**Short text fragments from websites**
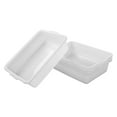 thumbnail image 1 of 23 L Plastic Rectangle Large Bus Box, White Large Commercial Bus Tub, 4-Pack, 1 of 7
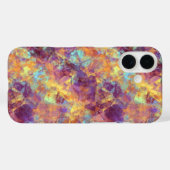 Plum Paars Crumpled Texture Case-Mate iPhone Case (Achterkant (horizontaal))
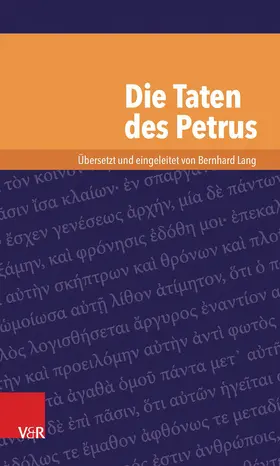 Lang |  Die Taten des Petrus | eBook | Sack Fachmedien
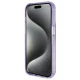 Guess iPhone 13 Pro Max Case Ring Stand Script Glitter MagSafe, Purple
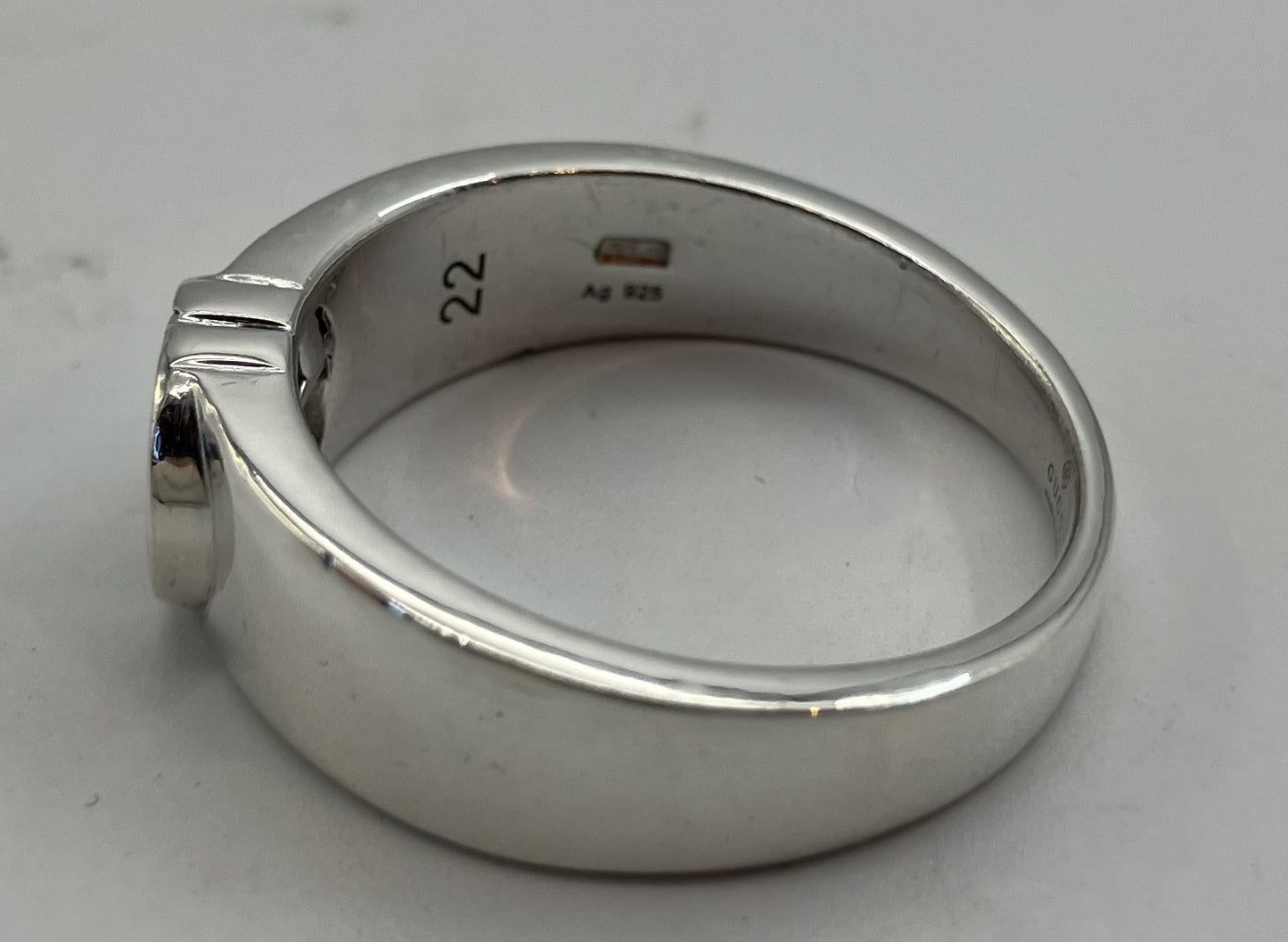 GUCCI Interlocking G Ring (JP 22) (EU 62) (US 10.5) SV925 -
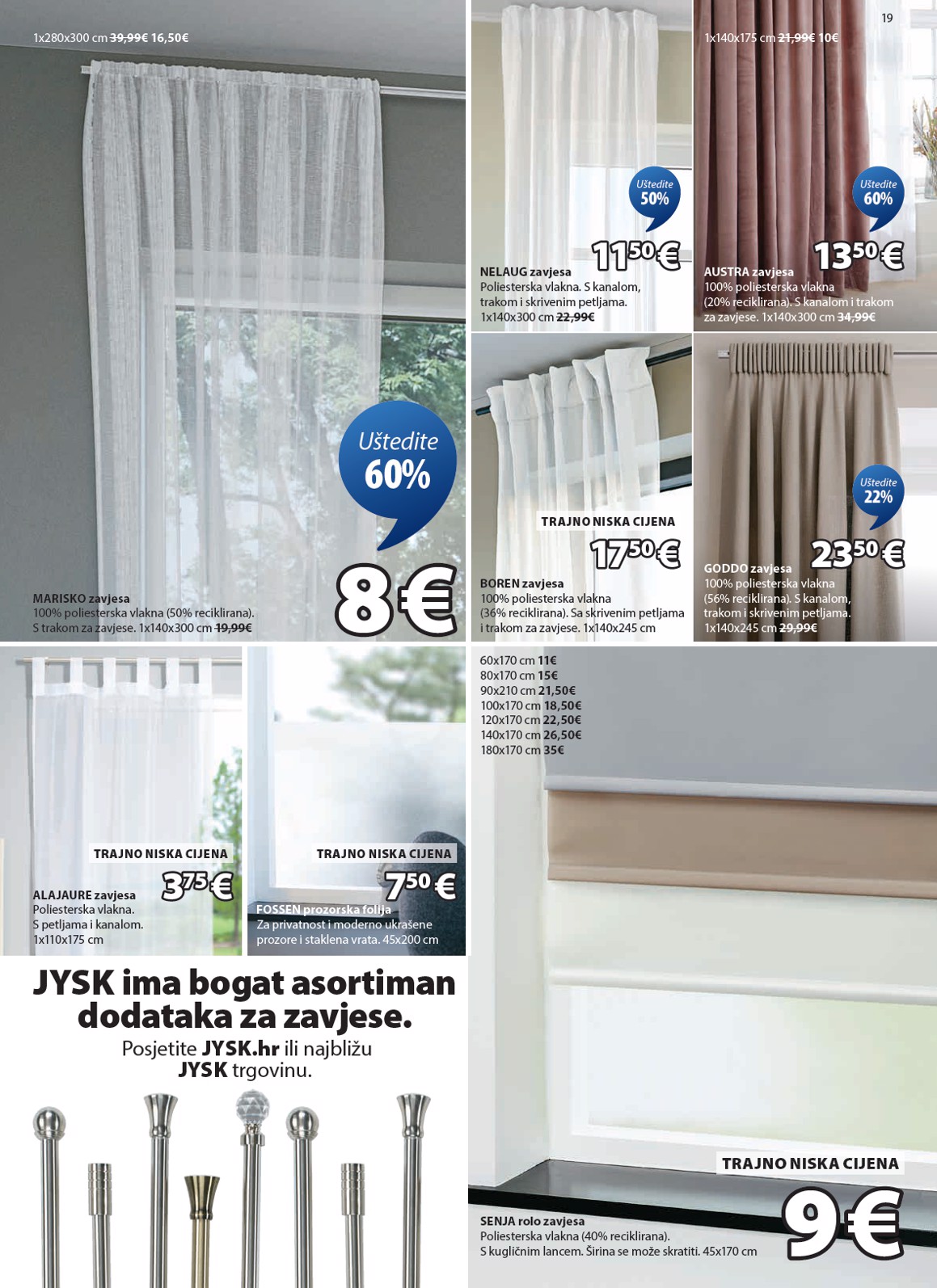 jysk - Prelistajte katalog JYSK, vrijedi od 10.12. do 30.12. - page: 19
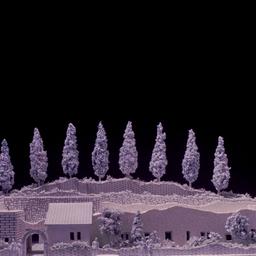 Model, exterior view.
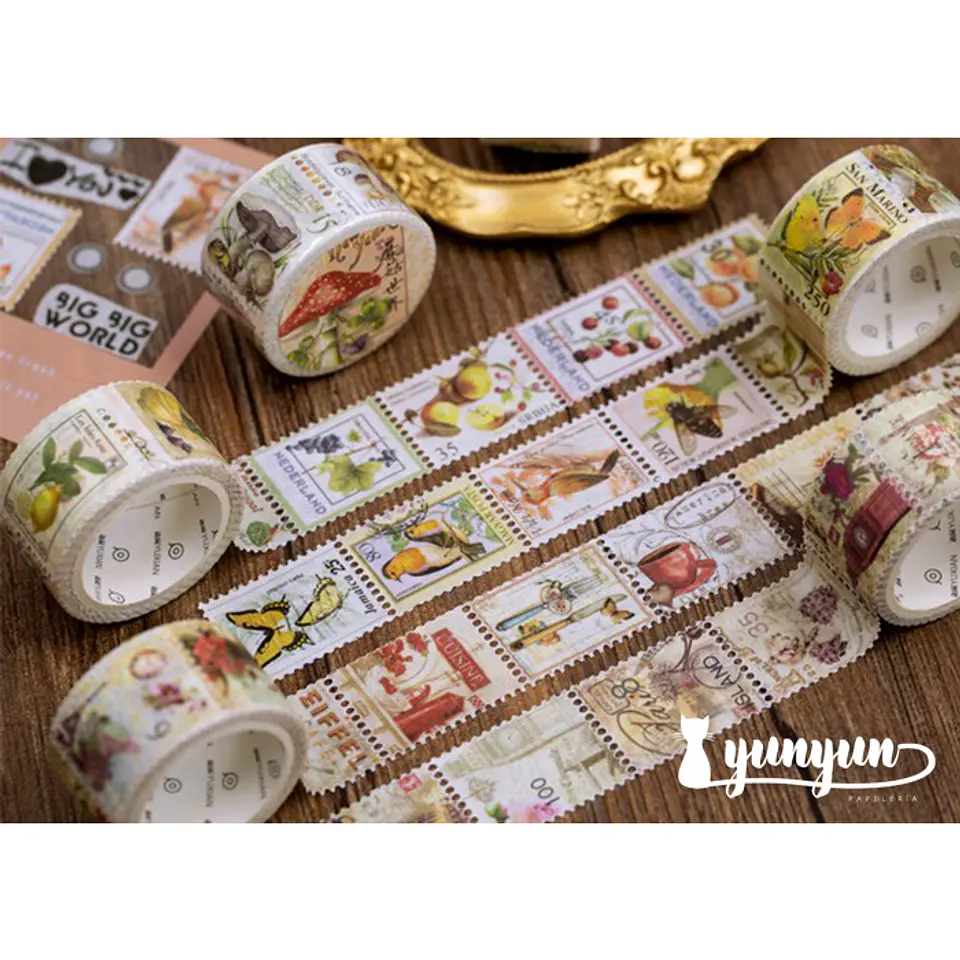 Washi Tapes Estampillas Vintage I 3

**Task goal**
Begin with the first line of the records and repeat every line up to the one with "GUCCI Interlocking G", counting that line too. Pictures are not part of the copy.

**Finished exercise**
 thumbnail image 1 of 23 L Plastic Rectangle Large Bus Box, White Large Commercial Bus Tub, 4-Pack, 1 of 7
 Plum Paars Crumpled Texture Case-Mate iPhone Case (Achterkant (horizontaal))
 Lang |  Die Taten des Petrus | eBook | Sack Fachmedien
 Guess iPhone 13 Pro Max Case Ring Stand Script Glitter MagSafe, Purple
 GUCCI Interlocking G Ring (JP 22) (EU 62) (US 10.5) SV925 -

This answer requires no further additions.